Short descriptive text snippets
.....
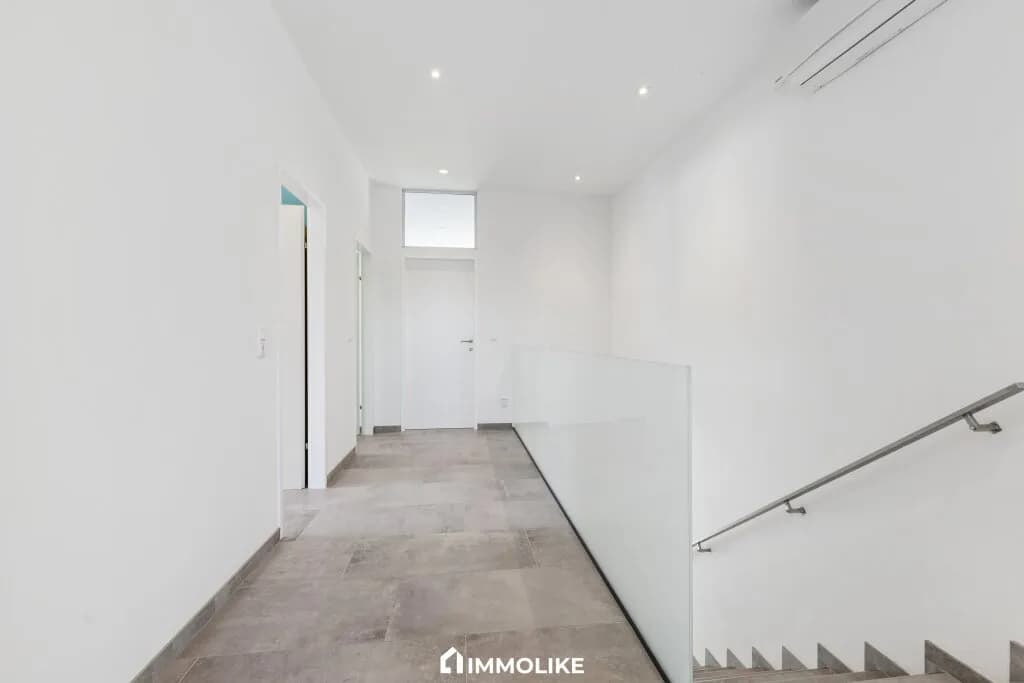 7-Zimmer-Haus kaufen in Gmunden – 243,25 m², € 1.500.000 – Bild 16 von 26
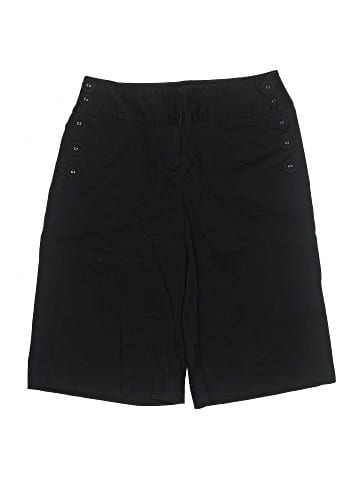 Ann Taylor LOFT Shorts (view 1)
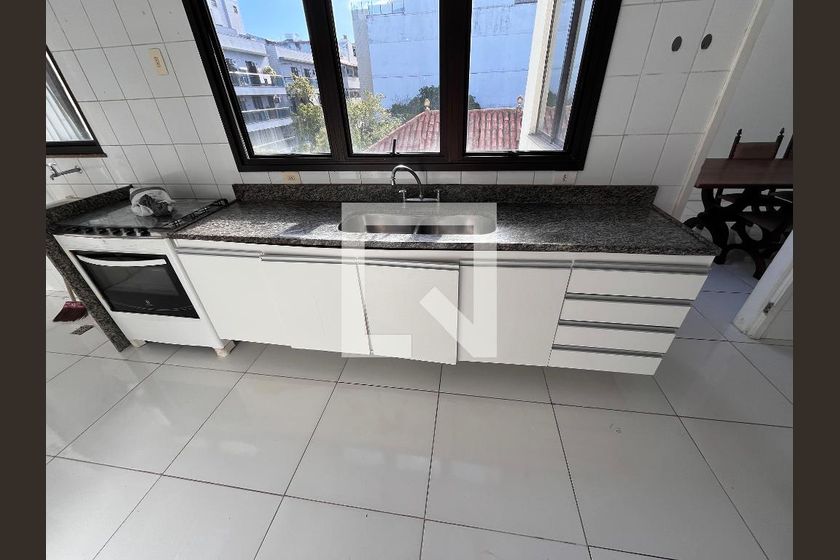 Apartamento, 4 quartos, 160 m² - Foto 79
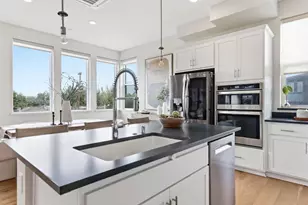 191 Waters Park Cir, San Mateo, CA 94403 - Photo 15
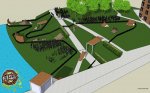 FISE vue 2.jpg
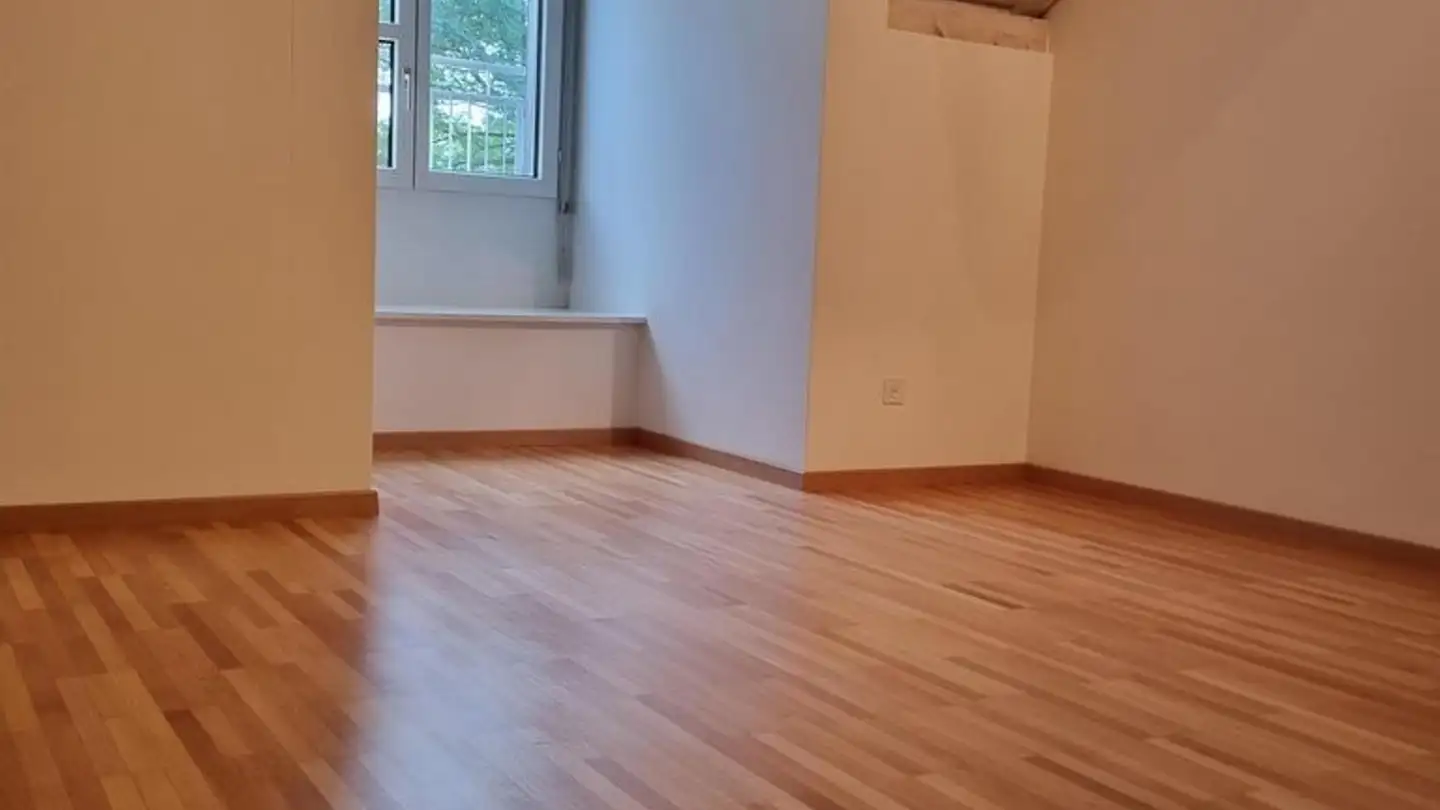 Appartement à louer - Seebühlstrasse 10a, 8472 Seuzach - Photo 2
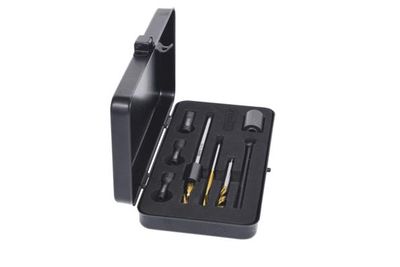 DEMONTAGEWERKZEUGSATZ GLüHKERZE KS TOOLS 1521030 48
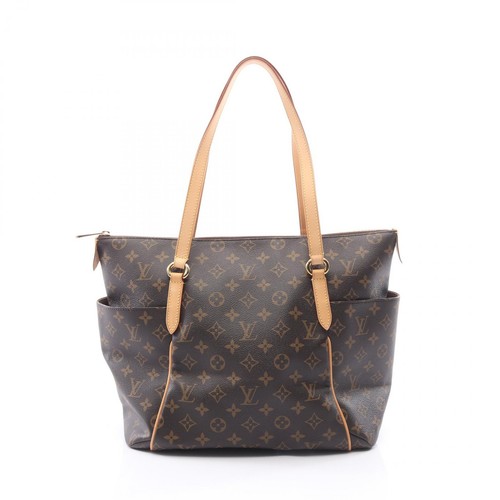 Borsa tracolla louis - borsa, vuitton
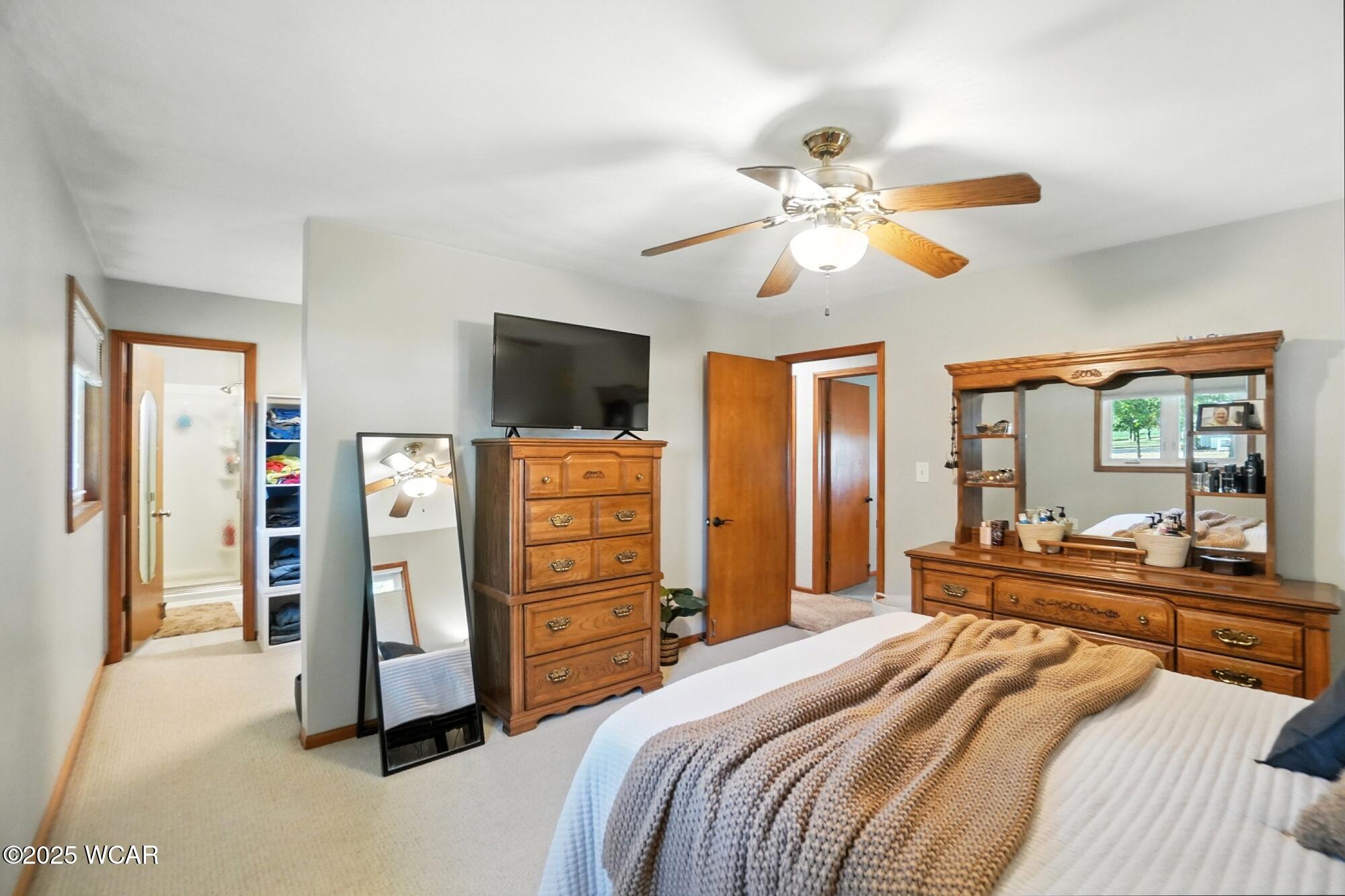 7579 Elm Sugar Road, Convoy, Ohio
.....
__Task statement__: Please reproduce every record exactly as written, excluding the pictures.

__Written response__:
 7-Zimmer-Haus kaufen in Gmunden – 243,25 m², € 1.500.000 – Bild 16 von 26
 Ann Taylor LOFT Shorts (view 1)
 Apartamento, 4 quartos, 160 m² - Foto 79
 191 Waters Park Cir, San Mateo, CA 94403 - Photo 15
 FISE vue 2.jpg
 Appartement à louer - Seebühlstrasse 10a, 8472 Seuzach - Photo 2
 DEMONTAGEWERKZEUGSATZ GLüHKERZE KS TOOLS 1521030 48
 Borsa tracolla louis - borsa, vuitton
 7579 Elm Sugar Road, Convoy, Ohio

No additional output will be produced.